Toutes proportions gardées et à l’exception des projets relevant de l’Initiative nationale de Développement humain (qui obéissent à des mécanismes et procédures de contrôle, de suivi et d’évaluation), de nombreux programmes de lutte contre la pauvreté sont grevés de déviances préjudiciables à l’efficacité sur la situation sociale des bénéficiaires.
On peut compter que plus de 50% du budget de l’Etat est investi dans des actions sociales. On mesure l’ampleur du manque à gagner caractérisant la gestion de l’action publique en matière de lutte contre la pauvreté et de réduction des inégalités.
L’efficacité de ces programmes en est affectée, malgré la réduction du taux de pauvreté constaté par le Haut-commissariat au Plan et l’Observatoire national de Développement humain durant les deux dernières décades.
Car, cette réduction n’a pas empêché l’acroissement des inégalités entre les couches sociales, les territoires, le genre, et les personnes à besoins spécifiques (handicapés, personnes âgées, enfants abandonnés). Ces inégalités, aggravées par la crise profonde de l’école, ont impulsé un blocage en termes de mobilité sociale avec notamment la perte de la confiance des jeunes, des classes moyennes et des pauvres en l’avenir de leurs statuts respectifs.

Le drame de Sidi Boulaâlam, le 20 novembre dernier, où 15 femmes ont péri écrasées par une foule hors de contrôle montre que la pauvreté n’est pas que matérielle mais aussi sociale, organisationnelle… (Ph. AFP)

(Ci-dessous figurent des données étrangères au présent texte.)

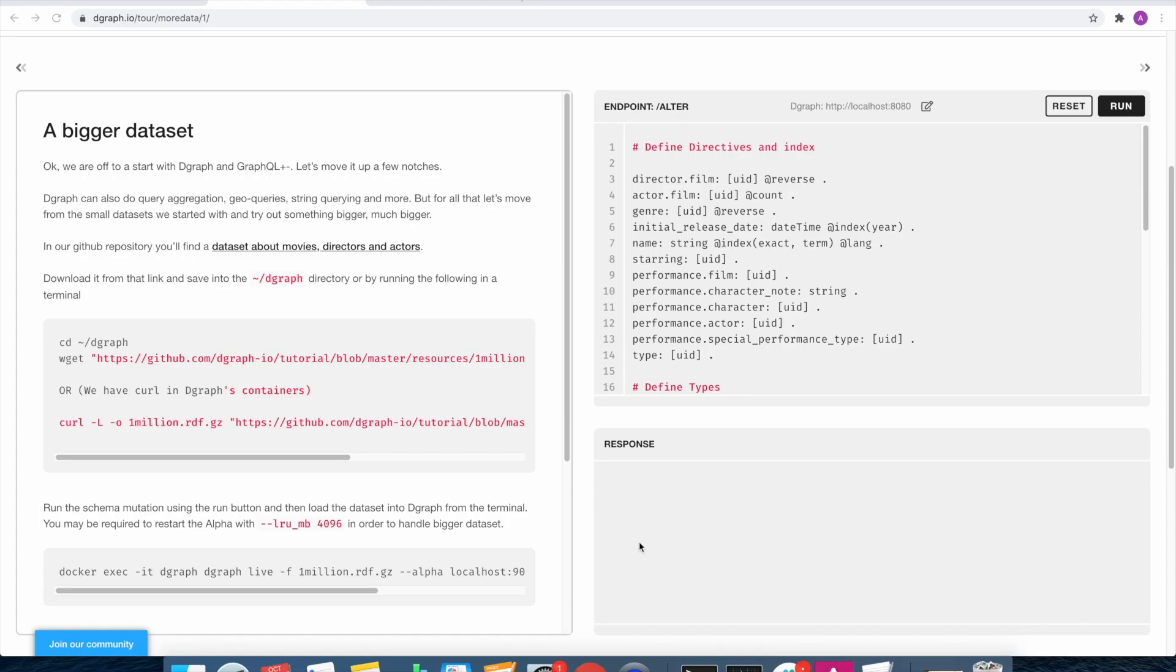Hi, today we will be going through the bulk load and live load capabilities of Dgraph, as well as an export to JSON format. So let's get started first with the bulk load.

Elles offrent l’image d’un Maroc à plusieurs vitesses sociales. Les seules alternatives qui s’offrent aux pauvres sont les métiers du secteur informel, les activités illicites et trafics de tous genres… Tout cela s’inscrit dans un contexte où les réseaux traditionnels de solidarité sont en décomposition rapide du fait de «la violence de l’argent». L’insertion du Maroc dans le monde des images satellitaires et du numérique nourrit les frustrations consuméristes des couches pauvres.
Le ciblage reste une question pertinente. Malgré les avancées à travers la (mesure de la pauvreté multidimensionnelle, une carte de la pauvreté élaborée par le HCP), le chantier du ciblage mérite d’être approfondi au regard de deux données majeures. La première concerne la définition d’un seuil de pauvreté correspondant à la réalité sociale actuelle du Maroc(1).

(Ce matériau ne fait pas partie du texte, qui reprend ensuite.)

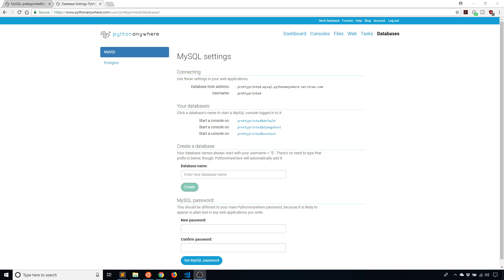Hey everyone, it's Anthony from PrettyPrint here. In today's video I want to show you how to use a Python Anywhere MySQL database on your local machine. If you've ever tried to do this before, you may have realized that you can't connect to the database on Python Anywhere, because Python Anywhere doesn't allow their MySQL databases to be connected to directly outside of Python Anywhere.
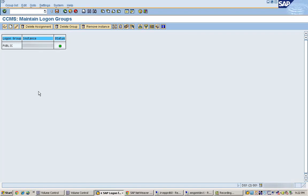That's on the logon group part. We have seen what is a logon group, when do we need to create the logon group, and how to create a logon group. One last thing: by default, every instance of an SAP system is assigned to a logon group called Space. That is the default logon group.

Un phénomène apparaît avec l’émergence de nouveaux pauvres: fonctionnaires, salariés, paysans sans terres, diplômés chômeurs, étudiants, femmes chefs de ménages, retraités, travailleurs des secteurs informels, migrants et des personnes à besoins spécifiques (handicapés et personnes âgées notamment).
Le ciblage est donc à repenser à l’aune de l’état actuel du pouvoir d’achat des citoyens et de l’évolution du coût de la vie qu’a connu le Maroc depuis la mise en place de l’indice de mesure de la pauvreté par le système des Nations Unies au milieu des années 80. C’est ainsi que l’on peut apprécier l’efficacité des programmes eu égard aux mécanismes de ciblage qui en découleraient.
Cet horizon offre des perspectives prometteuses en matière de lutte efficace et pérenne contre l’extrême pauvreté et de réduction généralisée des inégalités sociales.
Les institutions nationales dédiées doivent approfondir cette piste. L’identifiant unique sur lequel travaille actuellement le Ministère de l’Intérieur constitue un préalable et un outil essentiel pour la définition de la stratégie nationale intégrée de lutte contre les inégalités.
Les deux politiques
Une première politique regroupe les politiques publiques appuyées sur la deuxième génération des droits de l’Homme (droits économiques et sociaux, de la Constitution de 2011). Ainsi la mobilité sociale qui est favorisée par la formation professionnelle, l’acquisition de compétences et de qualifications renforçant l’employabilité. L’inclusion sociale s’acquiert par l’offre de services sociaux de base garantissant l’accès aux conditions de la pleine citoyenneté (santé, logement, infrastructures de transport, de culture, de sport, de loisir et de vie dans un environnement sain). Enfin, il faudra veiller au climat des affaires pour libérer les énergies à effet d’entraînement en termes de création de richesses par l’auto-emploi. Il s’agit dans ce dernier cas de faire des populations ciblées les acteurs du changement de leur propre situation sociale.
L’autre type de politique prend appui sur la réflexion mondiale menée actuellement par le système des Nations Unies* concernant la mise en place d’un revenu universel de base. Ce revenu peut remplacer et compléter les systèmes nationaux de protection sociale existants.-----------------------------------------------------------------
* Cette réflexion, qui a été entamée par le Conseil des Droits de l’Homme des NU, est consignée dans le Rapport du Rapporteur spécial sur les Droits de l’Homme et l’extrême pauvreté, de juin 2017.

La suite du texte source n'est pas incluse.